(Fitzcarraldo Editions 2021) pbk £12.99
I have always been like her, and for most of her life, she has felt ill.
In her debut book, Hattrick addresses with gusto the poorly understood condition of ME/CFS with which both she and her mother live. Her title plays on the ambiguities relating to this ‘medically unexplained’ illness, whose very labelling continues to be contentious and divisive. Hattrick unpacks the ways sufferers feel ill, but also the feelings they have about being ill and about the attitude of others towards CFS. Often this is an undisguised scepticism since frequently there is no visible ailment or disability. The medical profession(s) and their misguided attempts to ‘cure’ CFS come in for particular Hattrick stick. ME (Myalgic encephalomyelitis) was re-named Chronic Fatigue Syndrome in the absence, to date, of an identifiable causal pathology and because, although symptoms are wide ranging, fatigue is the major and most limiting characteristic, experienced in both body and mind.

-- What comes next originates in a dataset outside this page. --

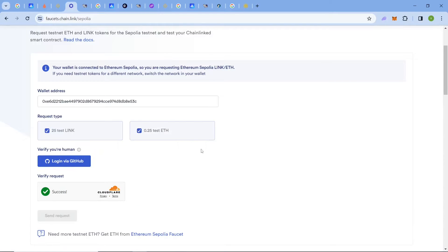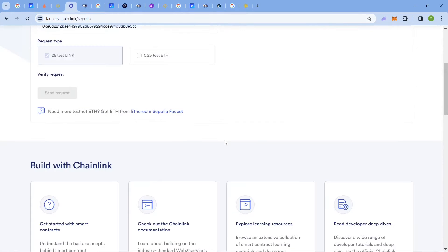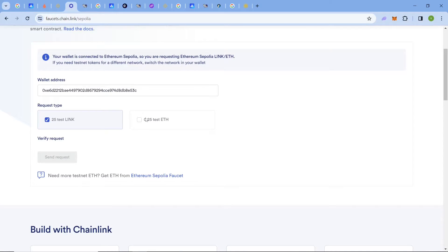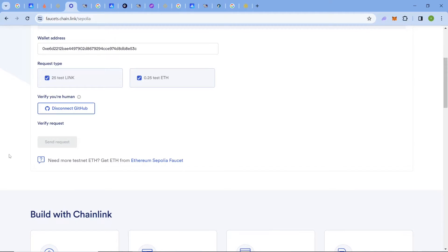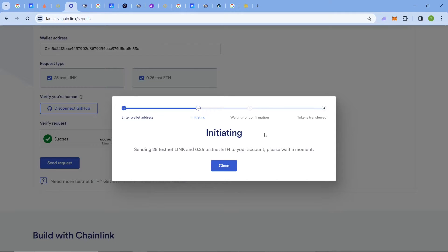Check the box and log in via GitHub — you should have a GitHub account. Click 'Login via GitHub,' which will redirect you to GitHub where you can log in. Once connected, complete the 'I'm not a robot' check, then click 'Send Request.' It will verify and show you the transaction hashes. You can claim over 0.25 Ethereum Sepolia testnet tokens here.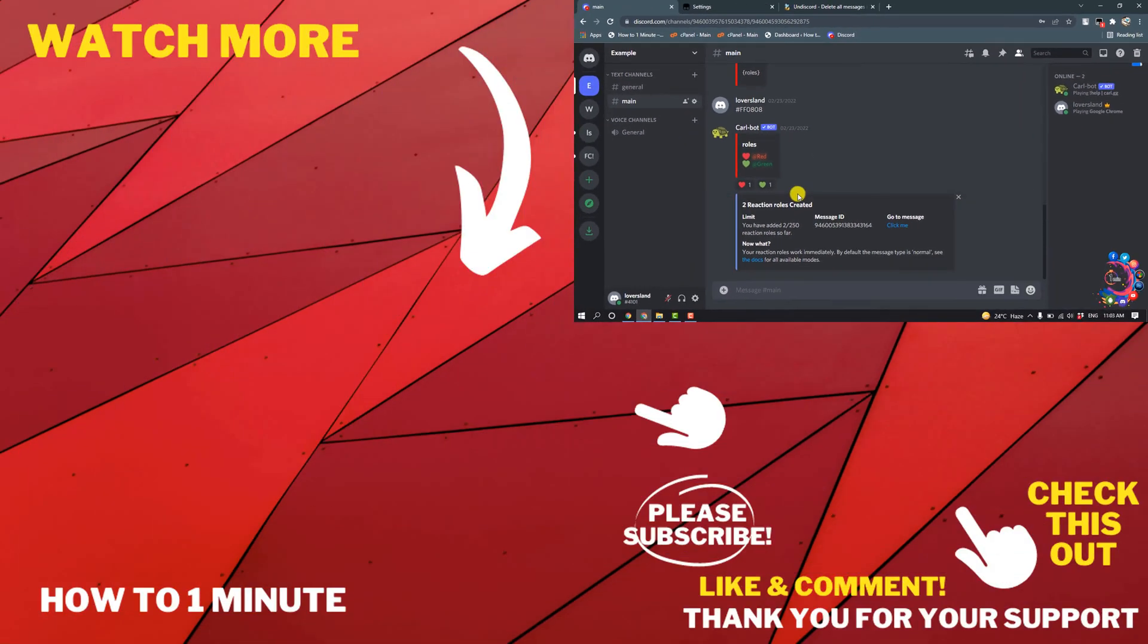And this was how we can mass delete messages on Discord. If you have any questions, feel free to post in description. If you want to see more WordPress videos, please check the links in descriptions. If this video helped you, give a thumbs up and please consider subscribing to One Minute. Thank you for watching.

Diagnosed as a child and now 34 she is still angry — ‘basically furious’, is her repeated rift. Hattrick talks movingly about feeling ill as a child and living within a cloud of confusions. Undermining statements were repeatedly made that she and her mother ’shared a hysterical language’….. ’My mother’s illness and my own ill feelings were inexplicably intertwined’. Her childhood passed within the illness time frame of her mother, of whose years, ‘five….[were] spent in her bedroom in the dark followed by ten years of carers in and out most days.’ At 11 she was sent to a funded boarding school where she felt ill and alone and where others thought she was faking it.
Hattrick interlaces memoir with snippets of other women’s lives whose historical courses were determined too by unexplained illness, including Alice James, Elizabeth Barret Browning, Virginia Woolf and Florence Nightingale. Her mother apparently started referring to her own condition as ‘the vapours’. She delivers an extensively researched summary on the history of CFS and its different models of treatment; this includes the social, employment, economic and political implications of this polarising condition. Towards the end of her extended essay she makes links between her own health questions and those currently posed by Long Covid, as the latest bundle of unexplained symptoms to appear, potentially affecting a sizeable percentage of the previously able -bodied workforce.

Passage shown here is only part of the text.